Directions for this task :: Write out the line that holds "keeper male #2.JPG" together with every line that follows it to the end of the material below, exactly. Omit the pictures.

Records shown ::
------

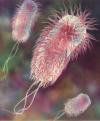 MIKROBA PATOGEN Bacillus cereus Listeria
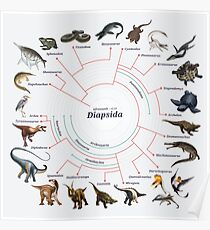Diapsida: The Cladogram Poster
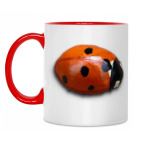 Полети на небко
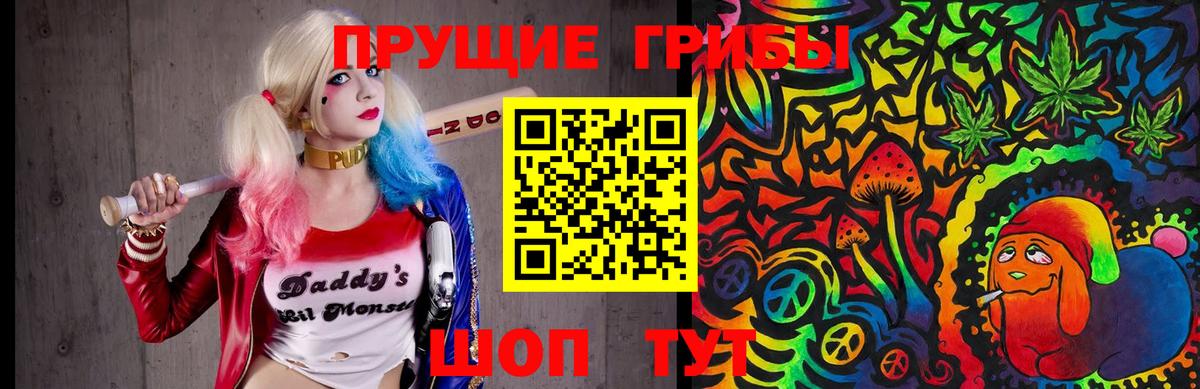 Галлюциногенные грибы Psilocybe  цены наркотик  Благодарный  Вход с VPN 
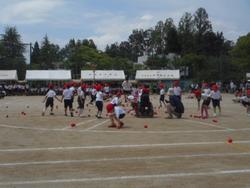 DSCN3786.JPG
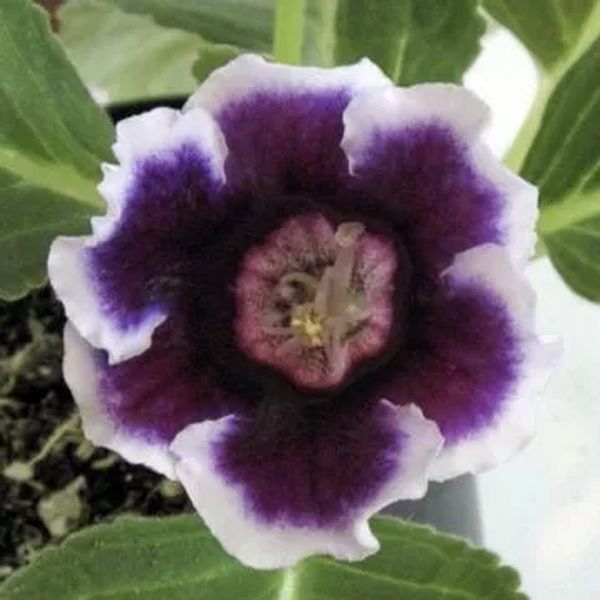 Семена глоксинии Аванти F1 синяя с ободком (blue with edge) /100 семян (драже)/ *Sakata*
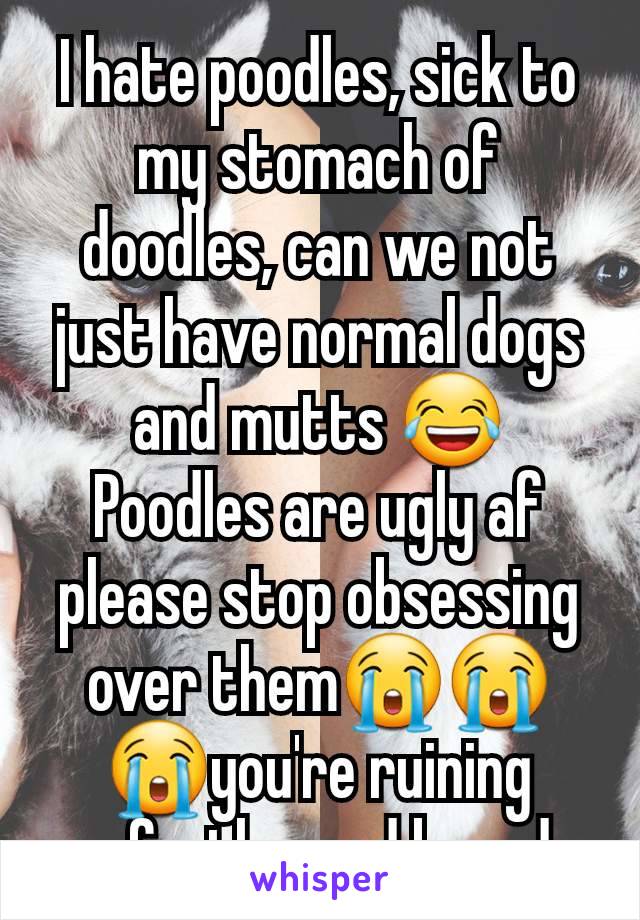 I hate poodles, sick to my stomach of doodles, can we not just have normal dogs and mutts 😂
Poodles are ugly af please stop obsessing over them😭😭😭you're ruining perfectly good breeds 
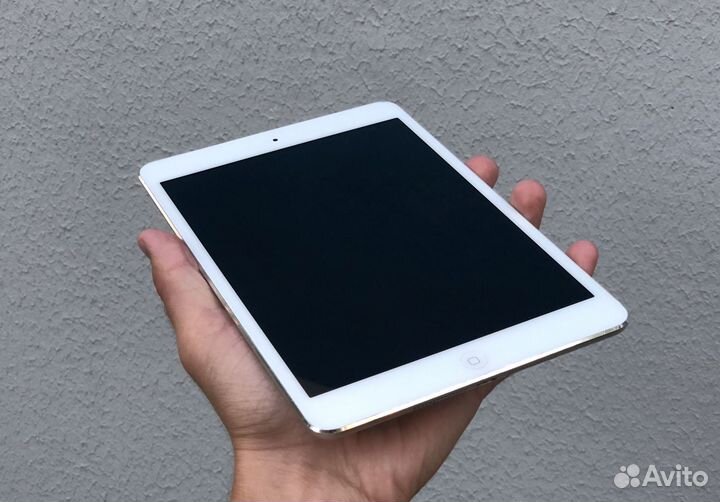 iPad mini wi-fi + Cellular 16 gb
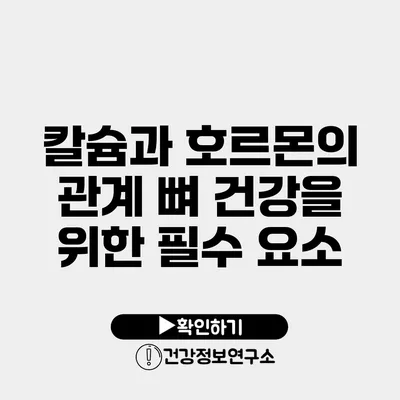 칼슘과 호르몬의 관계 뼈 건강을 위한 필수 요소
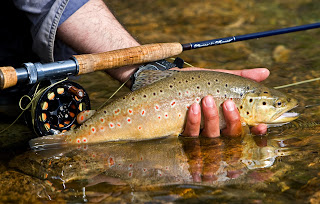 Fly Fish Idaho: Flyfishing Flies; Fishing Flys; Flies Fishing: Fly Fishing; Fly Fishing Equipment; Fishing Flies; Fishing Gear; Trout Flies; Salmon Flies; Fly Fishing Idaho; Flies for Sale; Idaho Fly Fishing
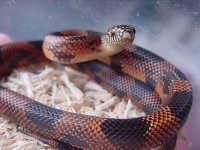 keeper male #2.JPG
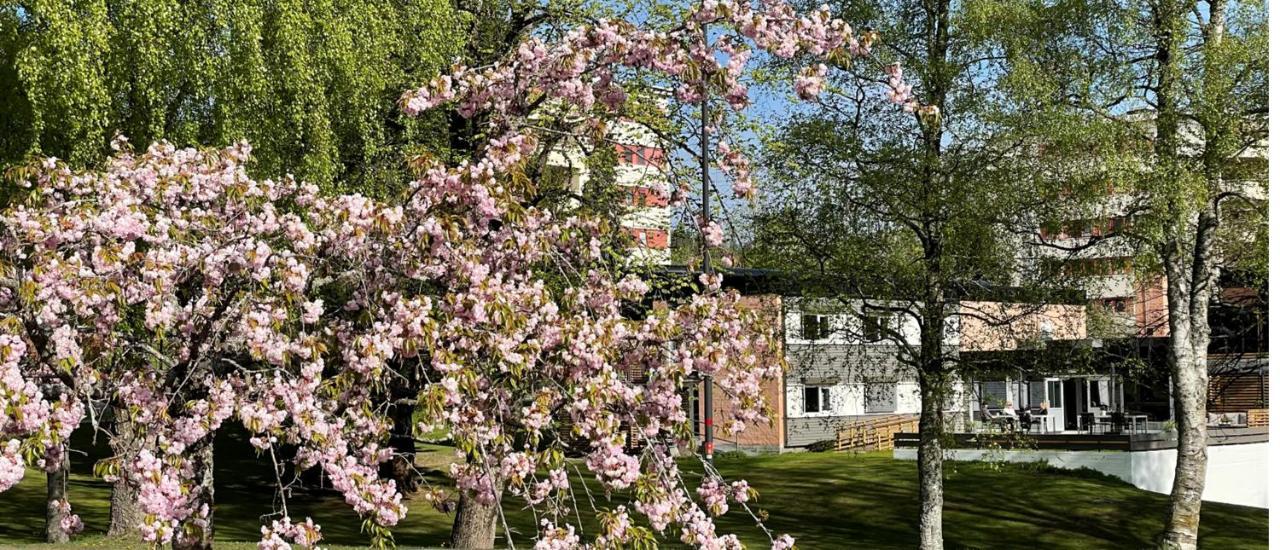 Emma Gjestehus Sandvika Exteriér fotografie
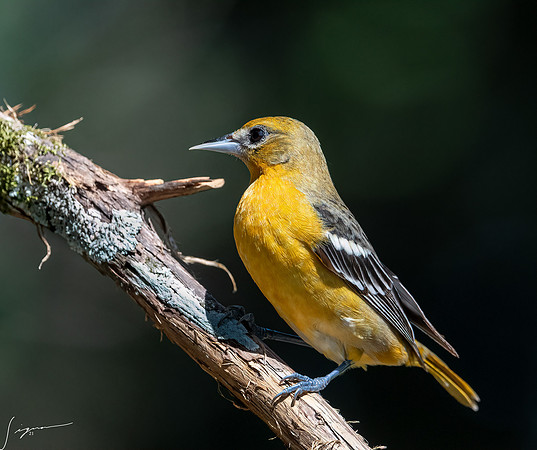 Baltimore Oriole Female Galveston TX-Galveston20210505_0022-Edit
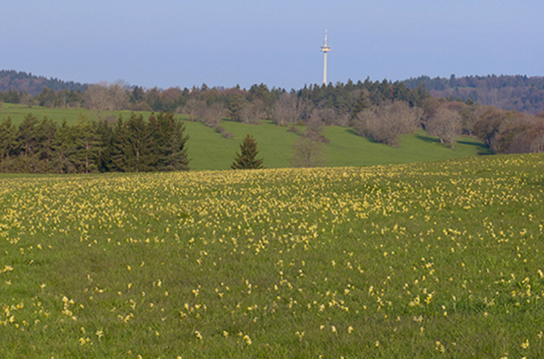 Habitat des Hellen Wiesenknopf-Ameisen-Bläulings (Bild: C. Wagner)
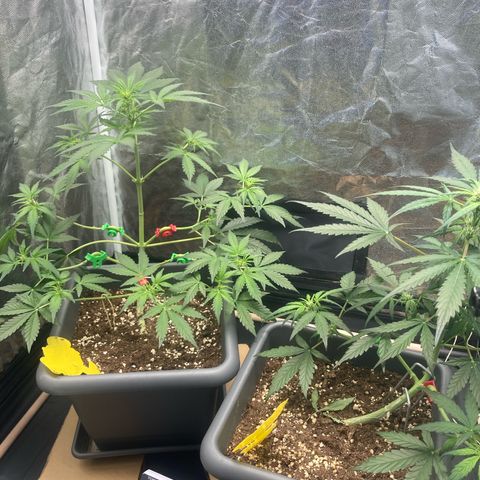 Blue Cheese growlog timeline photo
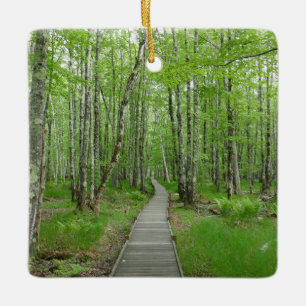 Jesup Path Boardwalk Trail Keramikornament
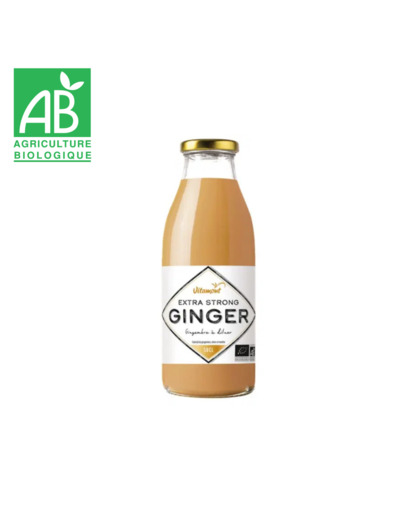 Gingembre à diluer x 1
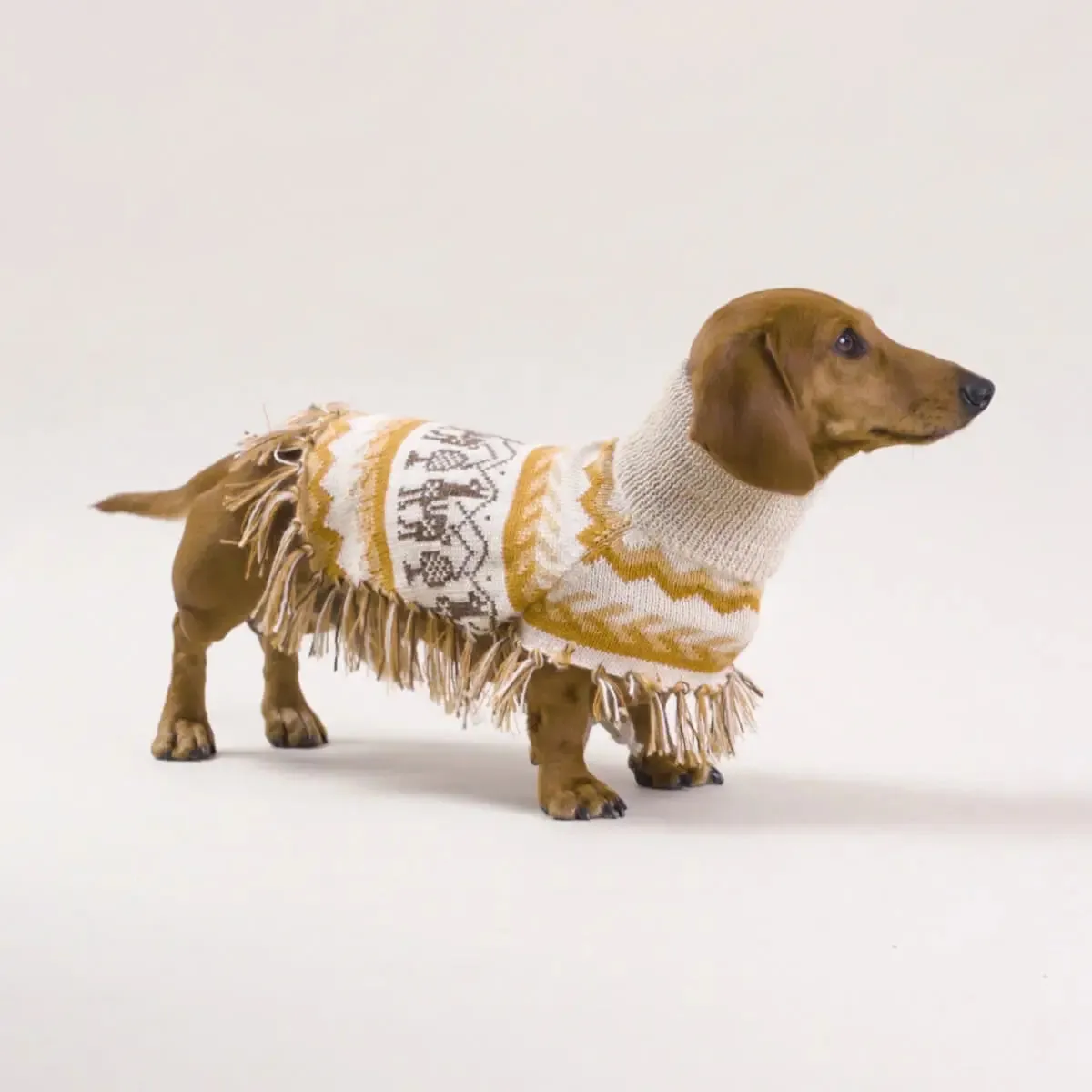 Alqo Wasi - Llama Natural Alpaca Dog Poncho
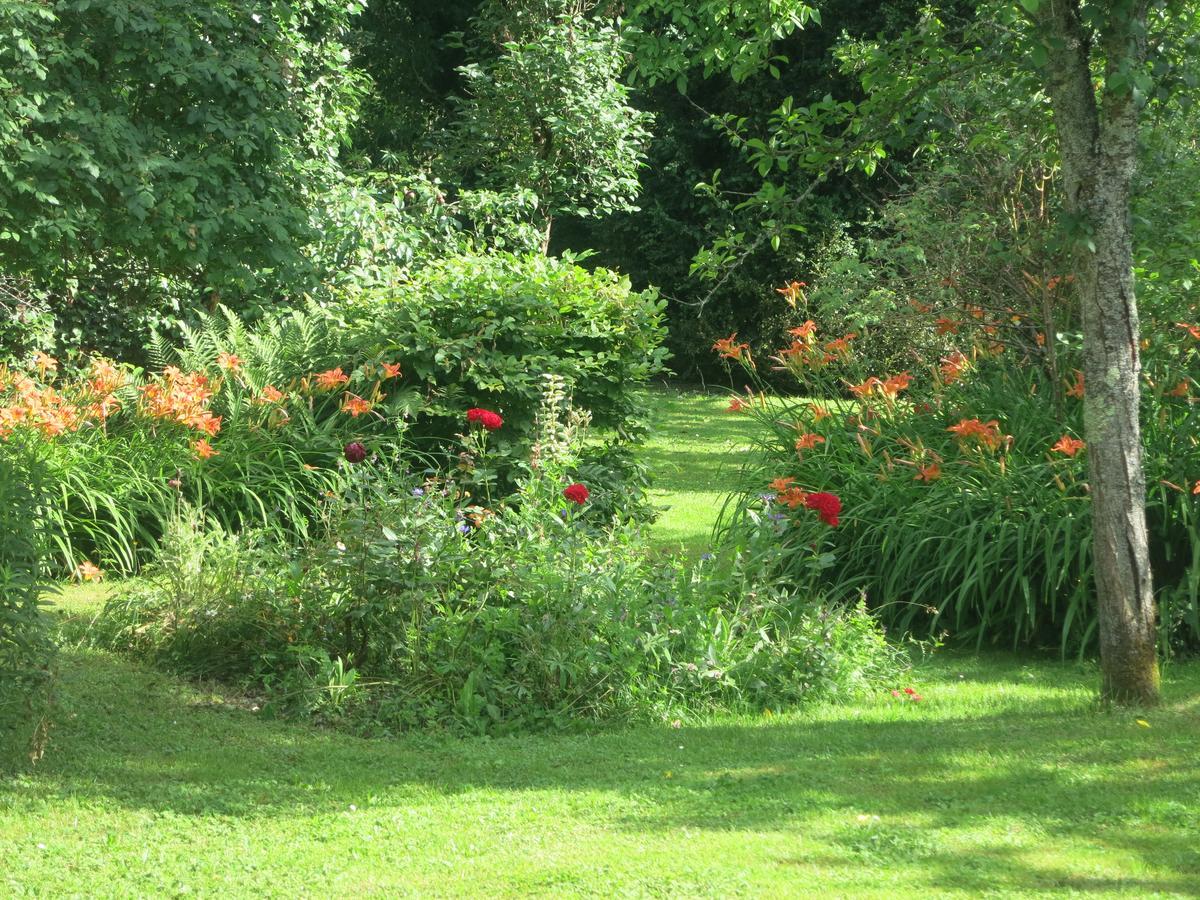 Les Jardins De Lily Hotel Saint-Léonard-de-Noblat Esterno foto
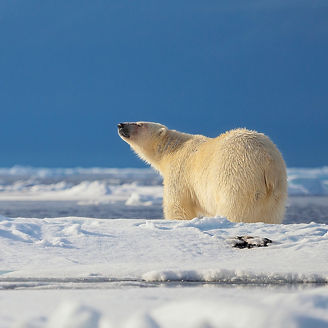 氷河とシロクマ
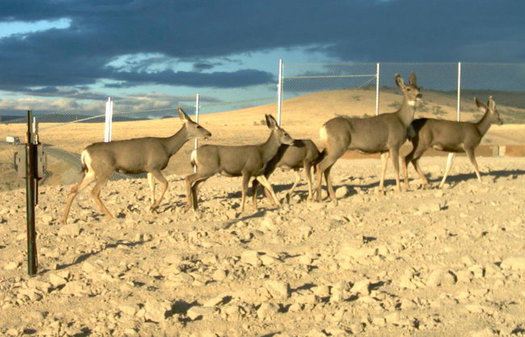 Wildlife overpasses such as this one help mule deer on their migration, which can be up to 100 miles long. (Nevada Department of Wildlife)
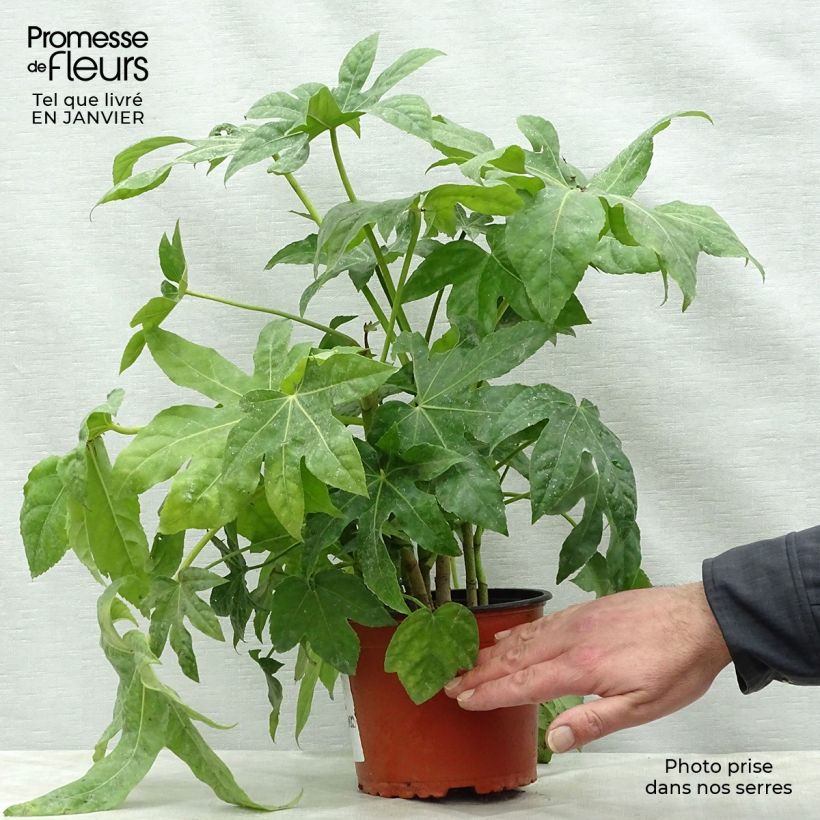 Fatsia japonica - Aralia giapponese Vaso da 2L/3L esemplare consegnato in inverno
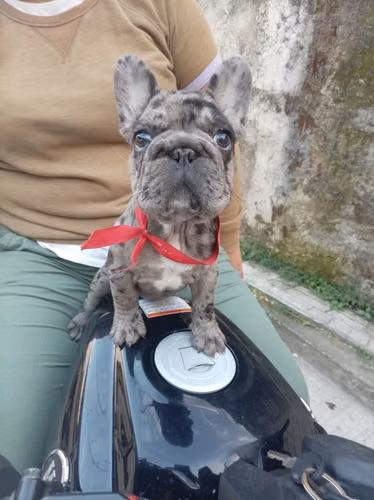 Hermosa perrita bull dog  - Imagen 4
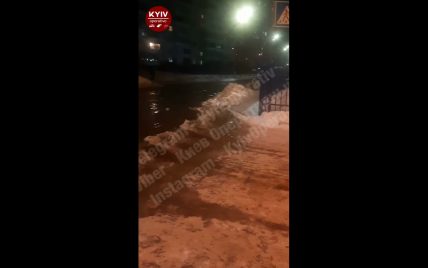 На дороги хлынули потоки воды: в Киеве затопило очередную улицу (видео)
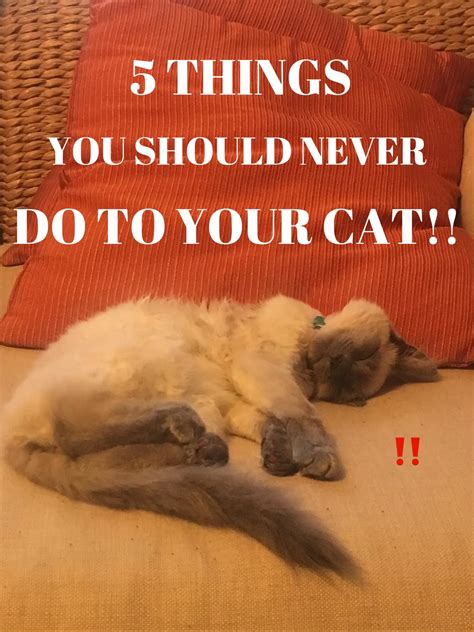 Buffalo Listcrawler: 5 Things You Should NEVER Do Image 12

------

Solution to this problem ::
 keeper male #2.JPG
 Emma Gjestehus Sandvika Exteriér fotografie
 Baltimore Oriole Female Galveston TX-Galveston20210505_0022-Edit
 Habitat des Hellen Wiesenknopf-Ameisen-Bläulings (Bild: C. Wagner)
 Blue Cheese growlog timeline photo
 Jesup Path Boardwalk Trail Keramikornament
 Gingembre à diluer x 1
 Alqo Wasi - Llama Natural Alpaca Dog Poncho
 Les Jardins De Lily Hotel Saint-Léonard-de-Noblat Esterno foto
 氷河とシロクマ
 Wildlife overpasses such as this one help mule deer on their migration, which can be up to 100 miles long. (Nevada Department of Wildlife)
 Fatsia japonica - Aralia giapponese Vaso da 2L/3L esemplare consegnato in inverno
 Hermosa perrita bull dog  - Imagen 4
 На дороги хлынули потоки воды: в Киеве затопило очередную улицу (видео)
 Buffalo Listcrawler: 5 Things You Should NEVER Do Image 12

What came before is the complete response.